Every time I would attend the Catholic Church everyone was so friendly and genuine. I loved seeing all of the families together and really started enjoying the fact that the people at the Catholic Church are so involved in the Mass. I started really feeling the desire to partake in the Eucharist and understand the meaning of it better. I loved all of the traditions that have been going on for years within the Catholic Church. Most of all I did not feel pressured by my husband to become Catholic. I was pregnant with our baby and started really thinking about how I wanted our child to be raised. In January 2005, I decided to take part in the Inquiry process of the RCIA program. I was so excited to learn more about the Catholic Church and that is what attracted to me the RCIA process.

Honestly, the struggles that I had with the Catholic Church before I entered the RCIA process were all resolved for me once I got some answers and explanations. One in particular was the fact that contraception was not to be used as a Catholic. Once I was in the RCIA process we were given a CD called Contraception: Why Not? I was forever changed by that CD after listening to it and my husband and I are now taking NFP classes together. If I had any reservations with the Catholic Church before I became Catholic then I would not have gone through Confirmation. I have such peace within after learning all that I did and I have no struggles at this point in regards to the Catholic Church. The RCIA process really prepared me and taught me so much!

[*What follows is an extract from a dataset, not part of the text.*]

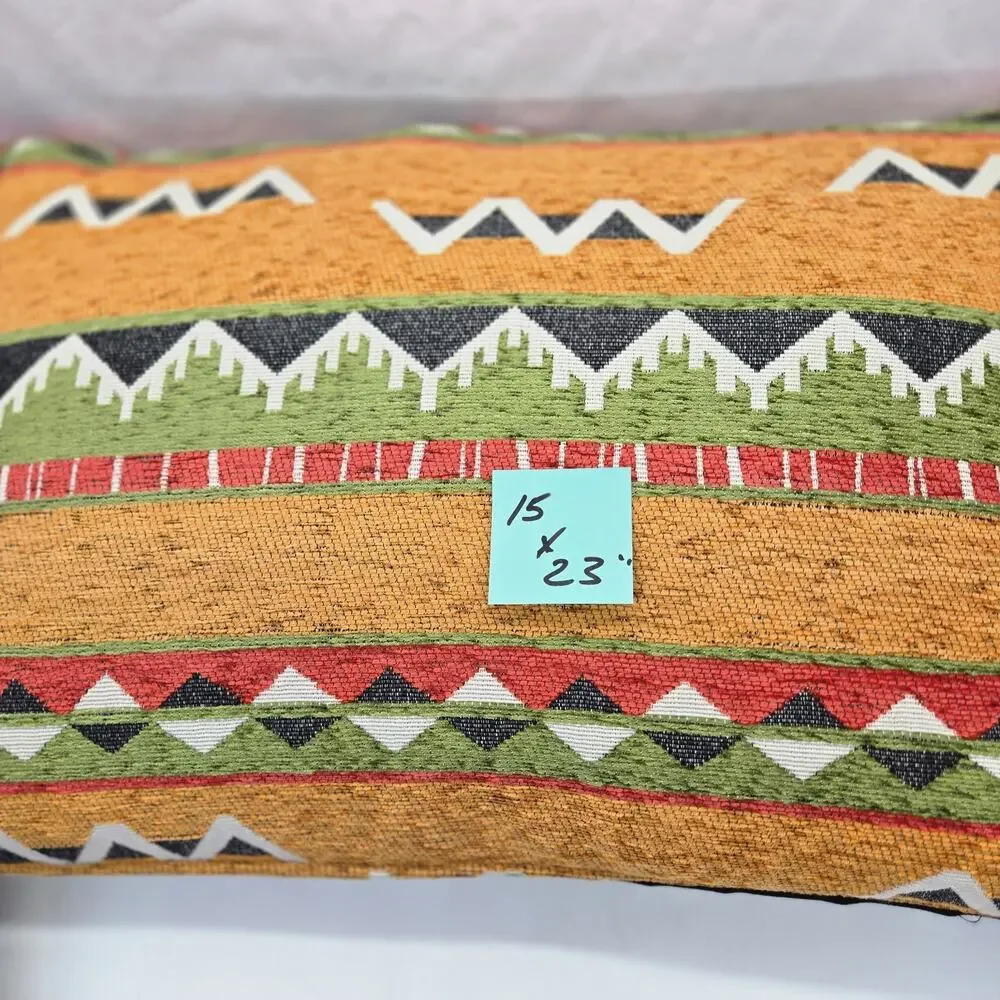 Global Tribal Accent Pillow 15x22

I would say that I have gotten to know Jesus on a deeper level in many ways but especially through prayer. I never really knew the power of prayer until going through the RCIA process. I feel such deep respect for Jesus and that is because of what goes on in the Catholic Church. There are so many ways to be in communion with Jesus Christ as a Catholic. Particularly for me with the Eucharist and Confession. The Sacraments are ways to have a "guaranteed encounter with Christ." What could possibly be better?